Supplied material
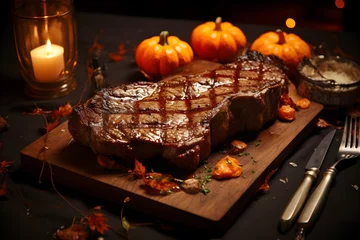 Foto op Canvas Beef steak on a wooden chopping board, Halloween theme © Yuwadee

* * *

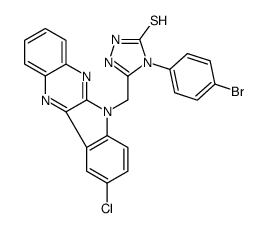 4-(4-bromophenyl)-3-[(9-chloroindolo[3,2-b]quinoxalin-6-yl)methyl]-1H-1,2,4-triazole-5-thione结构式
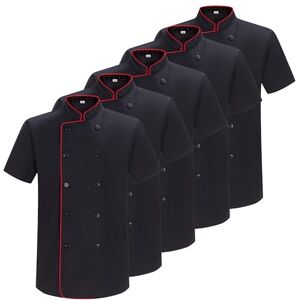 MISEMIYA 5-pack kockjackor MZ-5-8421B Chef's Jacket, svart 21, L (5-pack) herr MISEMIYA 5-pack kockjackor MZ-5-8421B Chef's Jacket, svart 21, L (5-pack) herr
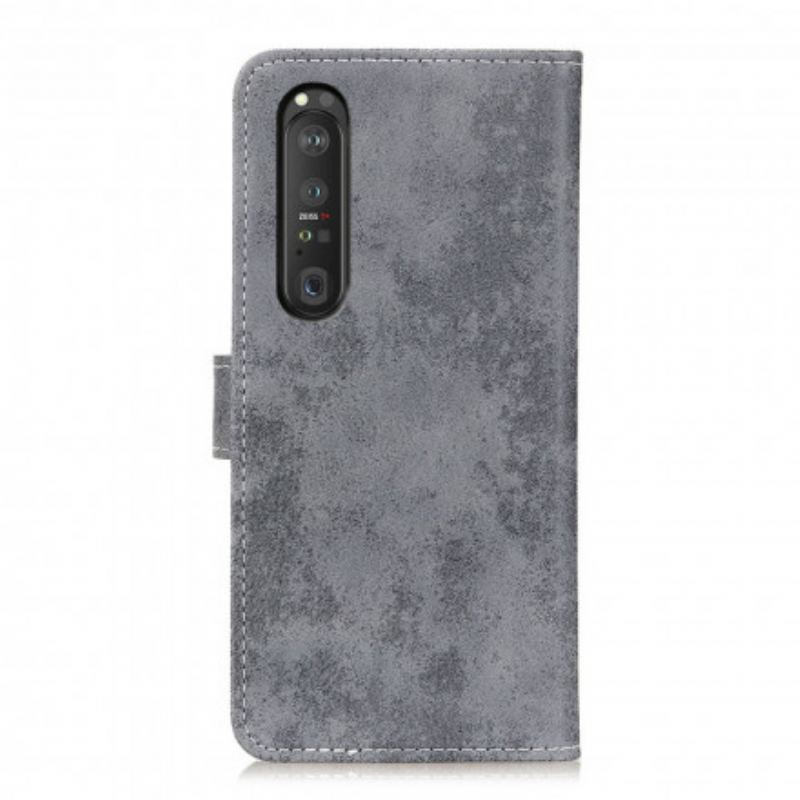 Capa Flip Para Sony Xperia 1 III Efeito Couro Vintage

...

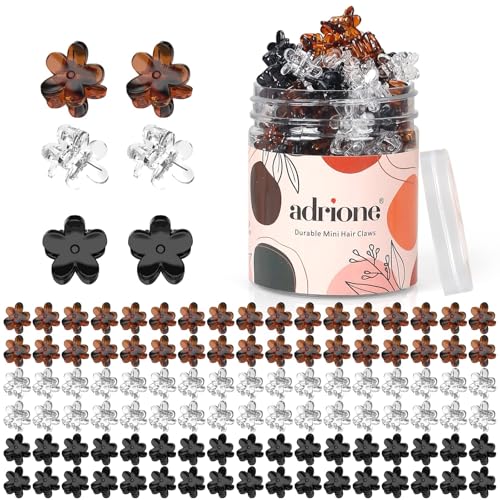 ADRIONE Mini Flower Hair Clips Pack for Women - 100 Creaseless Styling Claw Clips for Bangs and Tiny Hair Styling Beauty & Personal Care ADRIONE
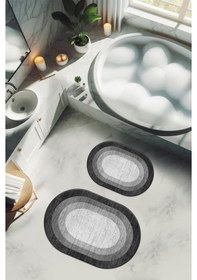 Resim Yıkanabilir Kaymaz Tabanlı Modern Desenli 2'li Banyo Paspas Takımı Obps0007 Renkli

Problem
Look above and copy only the lines from the one holding "(5-pack) herr MISEMIYA" to the one holding "Capa Flip Para", both included, exactly, minus the pictures.

Task output
 MISEMIYA 5-pack kockjackor MZ-5-8421B Chef's Jacket, svart 21, L (5-pack) herr MISEMIYA 5-pack kockjackor MZ-5-8421B Chef's Jacket, svart 21, L (5-pack) herr
 Capa Flip Para Sony Xperia 1 III Efeito Couro Vintage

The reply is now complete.